Stored data:

====

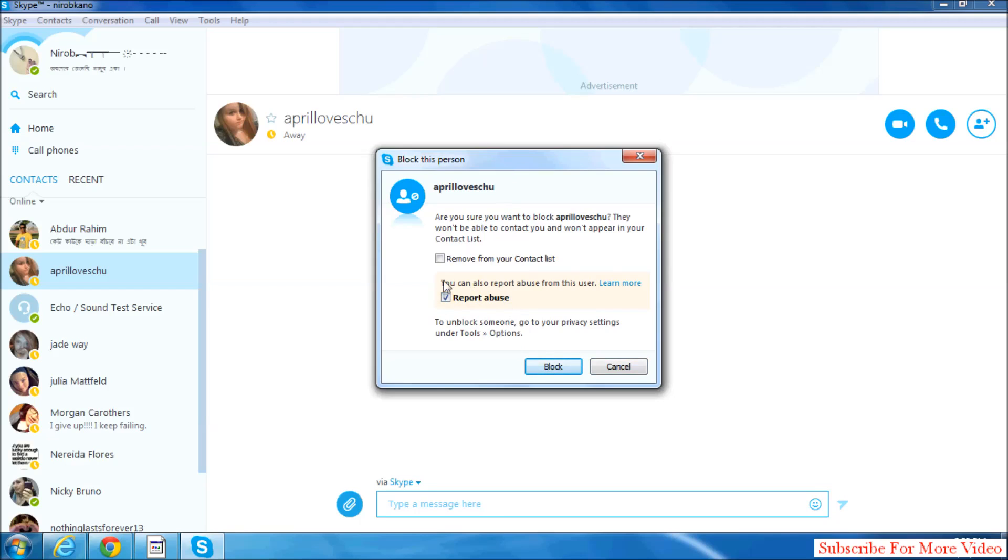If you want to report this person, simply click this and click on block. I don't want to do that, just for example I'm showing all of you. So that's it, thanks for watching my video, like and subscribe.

====

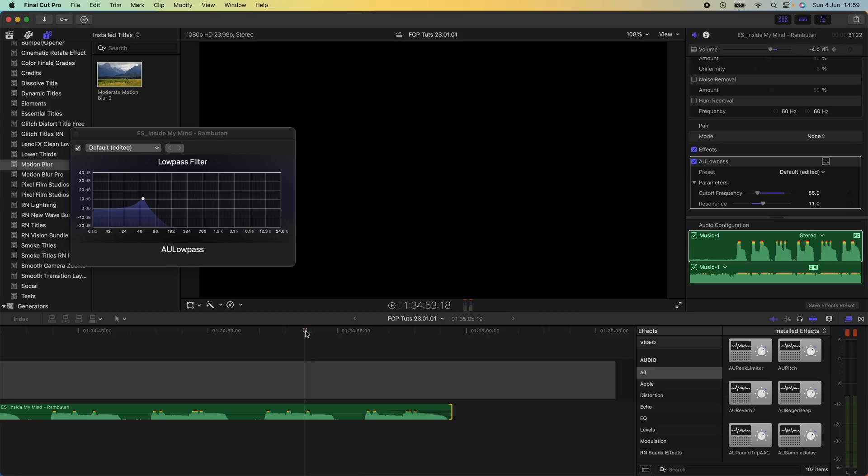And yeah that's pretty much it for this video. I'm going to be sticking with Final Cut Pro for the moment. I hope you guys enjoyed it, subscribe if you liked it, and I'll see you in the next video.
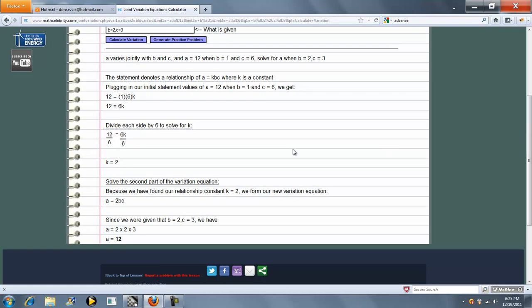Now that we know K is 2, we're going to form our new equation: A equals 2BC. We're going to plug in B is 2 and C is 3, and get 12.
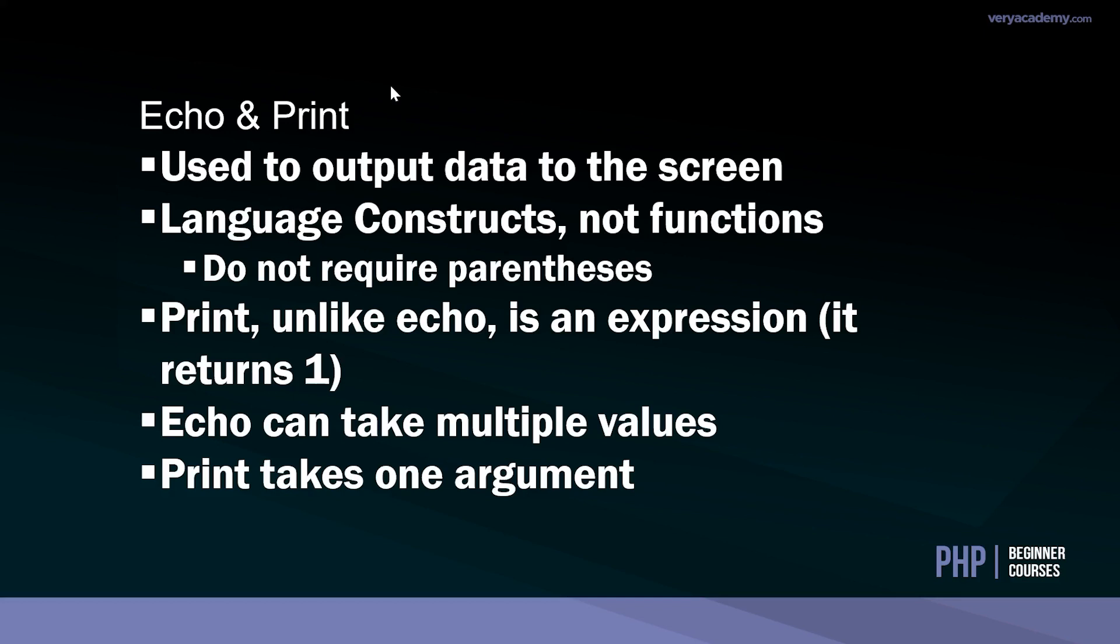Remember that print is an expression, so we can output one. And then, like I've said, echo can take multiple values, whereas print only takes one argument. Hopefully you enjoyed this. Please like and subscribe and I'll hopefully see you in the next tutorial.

====

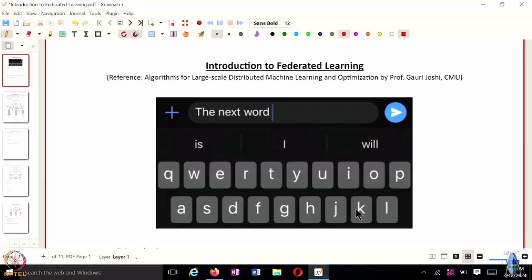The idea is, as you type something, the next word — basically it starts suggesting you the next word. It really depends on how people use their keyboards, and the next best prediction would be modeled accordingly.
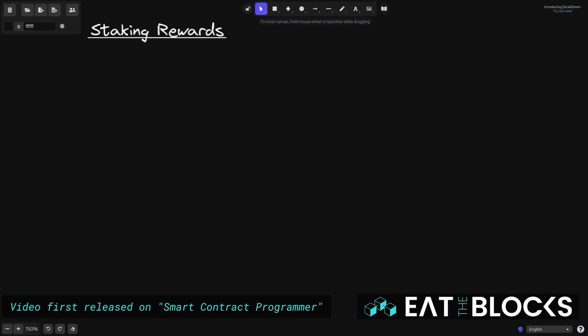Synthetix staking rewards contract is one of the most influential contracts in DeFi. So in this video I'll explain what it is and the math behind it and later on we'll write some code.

====

Exercise brief:
Going back to the data above, write out everything from the line with "Now that we" down to the line with "Remember that print", both included, leaving every picture out.

Completed exercise:
Now that we know K is 2, we're going to form our new equation: A equals 2BC. We're going to plug in B is 2 and C is 3, and get 12.
Remember that print is an expression, so we can output one. And then, like I've said, echo can take multiple values, whereas print only takes one argument. Hopefully you enjoyed this. Please like and subscribe and I'll hopefully see you in the next tutorial.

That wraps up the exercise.